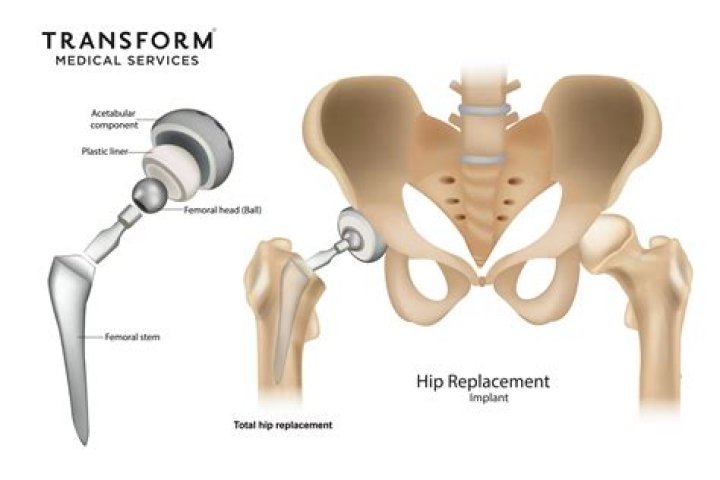 Is walking good if you need a hip replacement?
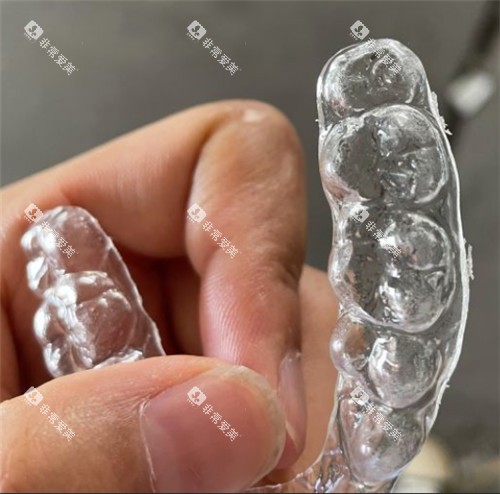 正雅隐形牙套 正雅隐形牙套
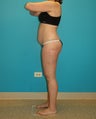 Smartlipo liposculpture of abdomen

◆ **Exercise**
The expected answer is the data retyped exactly, without pictures.

◆ **Written response**
 Is walking good if you need a hip replacement?
 正雅隐形牙套 正雅隐形牙套
 Smartlipo liposculpture of abdomen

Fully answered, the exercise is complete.